The drug epidemic teaches us that well-intentioned policies can fail. By and large no one approves of heroin, but we haven’t succeeded in vanquishing it any more than we succeeded in making alcohol disappear during Prohibition.
3. Moral intuitions aren’t enough by themselves.
We need to gather and pay attention to evidence about the consequences of particular policies. This is hard when moral intuitions collide, partly because much moral argumentation rests on weak or no evidence. But we can’t afford to judge our policies just by their intentions. We have to at least look at their consequences, too.
Nevertheless, moral intuitions are important and consequential, so we need to understand them better. There are some things that many moral intuitions have in common. For example, concern about the possible exploitation of vulnerable people is often an issue.
4. Sometimes adding money to a transaction arouses repugnance.

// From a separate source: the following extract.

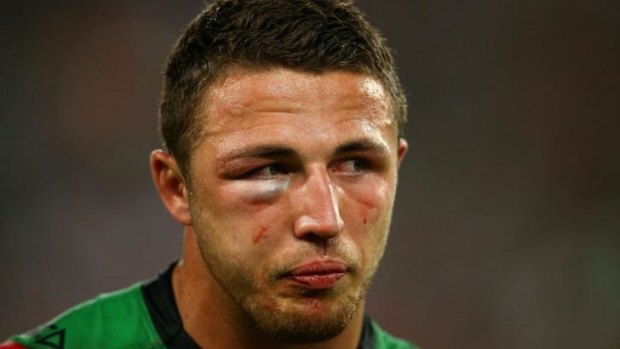 Double fracture: Sam Burgess played on with a fractured cheekbone and eye socket, which have required four face plates.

For example, paying in cash is what turns sex into prostitution. Often, the objection to introducing money into transactions is that it might be an undue influence that could coerce the poor into transactions that they (or we) would prefer not to take part in. But that’s over-broad: many people work for financial pay at jobs they wouldn’t otherwise do. And many goods and services that we need wouldn’t be available if they couldn’t be paid for.
“Many people work for financial pay at jobs they wouldn’t otherwise do.”
Pharmaceuticals made from blood plasma are a good example. Many countries ban payments to plasma donors and try (almost always unsuccessfully) to generate as much as they need of the large amounts of plasma required to treat many diseases from unpaid donors. How do they make up for the shortfall? Fortunately, you can buy plasma and plasma-derived medicines from the U.S. We’re the Saudi Arabia of blood plasma, exporting tens of billions of dollars of plasma products each year, collected largely from plasma donors who are paid.
5. Religion remains important in many controversies.
It plays a large role in the growth of legal medical aid in dying, in the U.S. and elsewhere.
Overall, in pursuing moral economics, we have to keep in mind the maxim that ought implies can, and the things we feel morally obligated to do, whether by supporting them or banning them, have to be things that we can do. To understand those limits, we need evidence, including experimentation, to figure out how to proceed when we’re worried by all our options.